Karlsruhe (pm) Gute Nachrichten für das Karlsruher Institut für Technologie (KIT). In seiner jüngsten Sitzung hat der Planungsausschuss der Stadt Karlsruhe die überarbeitete Planung des KIT für die Erweiterung des Campus Süd am Adenauerring akzeptiert und genehmigt.

Drei neue Gebäude geplant

Das KIT will hinter der ehemaligen Kinderklinik mit den Planern der Klaus-Tschira-Stiftung drei Gebäude errichten, bekommt das größte davon geschenkt und wird zwei weitere für forschungsnahe Zwecke einsetzen.
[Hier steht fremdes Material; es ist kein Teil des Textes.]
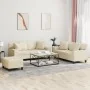 Juego de sofás con cojines 3 piezas cuero sintético color crema by , Sofas - Ref: Foro24-3201930, Price: 534,05 €, Discount: %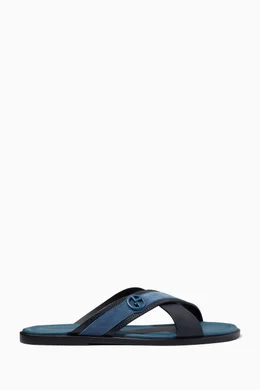 Buy Giorgio Armani Blue Criss-cross Slide Sandals in Suede for Men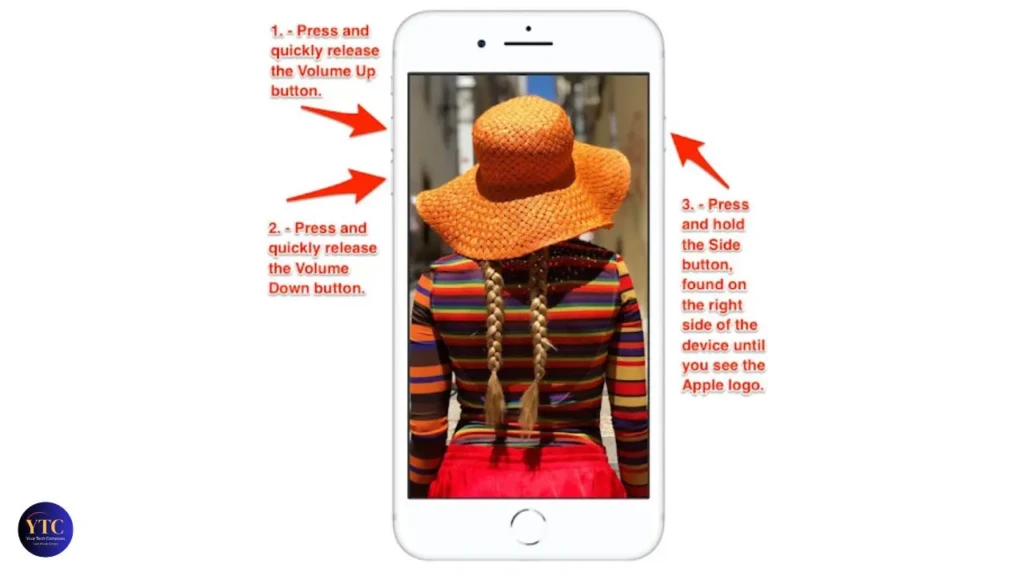 An iPhone screen displaying a photo of a person from behind, overlaid with numbered instructions: 1) press and release Volume Up, 2) press and release Volume Down, 3) press and hold the Side button until the Apple logo appears, illustrating the modern force-restart sequence for iPhones without a Home button.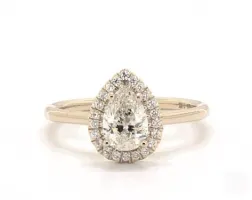 .90ct Pear Diamond Engagement Ring (VG-Cut D-Color VS2-Clarity) Unique Halo Smooth 1.8mm 18K Yellow Gold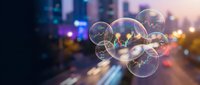Soap bubbles floating over blurred city street at sunset with warm bokeh lights and urban traffic background for dreamy atmospheric designs.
Damit können teure Anmietungen aufgegeben werden. Für die beiden äußeren Gebäude im Süden und Norden gibt es einen Wettbewerb. Laut KIT werden dafür auch Wünsche aus Bürgerschaft und Politik berücksichtigt.

Geringeres Bauvolumen

Reduziert wurde in der geänderten Planung auch das Bauvolumen, von 50.000 auf 44.000 Kubikmeter. Die Baumassen werden gestaffelt – mit einem städtebaulichen Akzent von neun Stockwerken gegenüber der Bibliothek, fünf Geschossen zum Adenauerring und maximal dreien im Abstand von 26 Metern zu den Reihenhäusern an der Hansjakobstraße. Die Bäume am Adenauerring bleiben erhalten. Zwischen den Neubauten sollen die Abstände 18 Meter betragen. Die Ausnutzung des Geländes soll so der eines Wohngebietes entsprechen. Geplant sind flexible, effiziente Ringbauten, um auf sich schnell verändernde Forschungsbedingungen reagieren zu können. In den Erdgeschossen kann es laut KIT auch Cafés und kleinere Geschäfte geben.